Shaftesbury Theatre, London WC2
Opened 5 March, 1996

Pete Townshend's rock opera Tommy has taken a quarter of a century to reach the London stage in its definitive version. The word "spectacular" fails to do it justice.

Townshend and director Des McAnuff have fiddled about with the lyrics and storyline familiar to some from the 1969 album and Ken Russell's 1975 film. Captain Walker is now murderer rather than victim, and Tommy's later messiahhood is shot through with bitter cynicism. Most puzzlingly, it is deemed acceptable to portray sexual and violent abuse, mob brutality and even murder, but drugs get scarcely a look-in. It is impossible to tell on the strength of Nicola Hughes's admittedly electrifying portrayal why the Acid Queen is so called.

But the basics remain. Young Tommy, on witnessing a murder in the family, becomes deaf, dumb and blind, finding solace only in his reflection/alter ego in the mirror and, later, his astounding talent for pinball. Following his spontaneous cure, he becomes an exemplar of sorts, but in this version, after a period of sinister basking in his new status, he rejects the adulation in favour of the redemptive power of normality.

Steve Margoshes's orchestrations make a few concessions towards the mainstream musical market, but the score remains identifiably rock rather than diluted pop. Indeed, at one or two points Colin Welford and his ensemble produce the finest arrangements I have ever heard of given numbers. The lyrics have been more comprehensively rewritten in some cases to tie in more closely with the narrative, in others simply because Townshend has had the chance to tinker.

Kim Wilde as Tommy's mother is called upon to act (often wordlessly) more than she is to sing. Generally, she handles the task admirably. Ian Bartholomew makes a plausibly unpleasant Uncle Ernie a world a-way from Keith Moon's grand Guignol, though Hal Fowler's Cousin Kevin is a little too florid and operatic. But it is Tommy whose performance matters most. Nineteen-year-old Paul Keating is, alas, not quite up to the role. He acts charisma rather than possessing it, with the consequence that the cured Tommy comes over less as magnetically moody than just plain truculent.
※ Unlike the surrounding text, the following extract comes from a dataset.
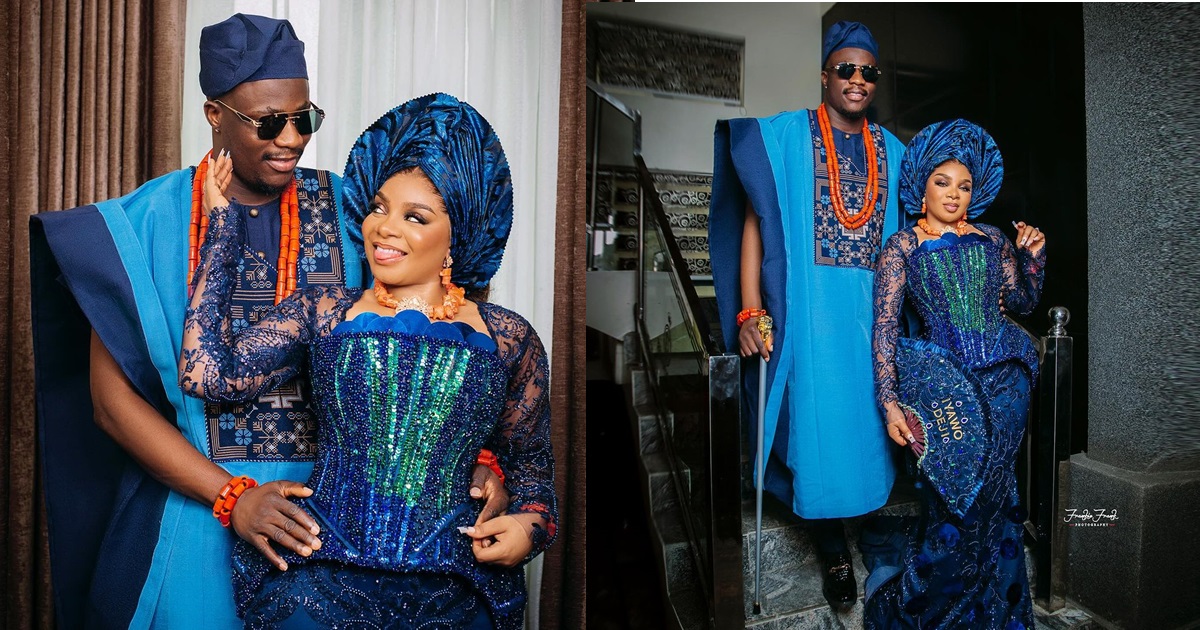 “You fought for this love and you won and made me your wife” – BBNaija star, Queen praises husband, David, days after their traditional wedding thumbnail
The real star of the show, however, is the design. The scenery ranges from Gilbert-and-George-style projected backdrops to a whirling wall-of-death pinball machine. Curtains of white and coloured lighting combine with (thankfully underused) banks of video screens. Costumes come in comic-book slabs of colour, with often frantic dance numbers amid which Tommy stands always alone in brilliant white. The combined effect is richly hallucinatory, and qualitatively different from any other West End musical.
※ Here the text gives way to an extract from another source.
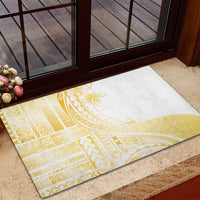 Samoa Siapo Mamanu Rubber Doormat Plumeria Fancy Gold Motifs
Whatever qualifications are raised about moments, minor aspects or individual performances, Tommy as a whole is to use an outmoded but thoroughly appropriate term a trip. It even leaves Ken Russell's lysergic visuals on the starting-block. You won't see nothin' like it in any amusement hall.

Written for the Financial Times.

Copyright © Ian Shuttleworth; all rights reserved.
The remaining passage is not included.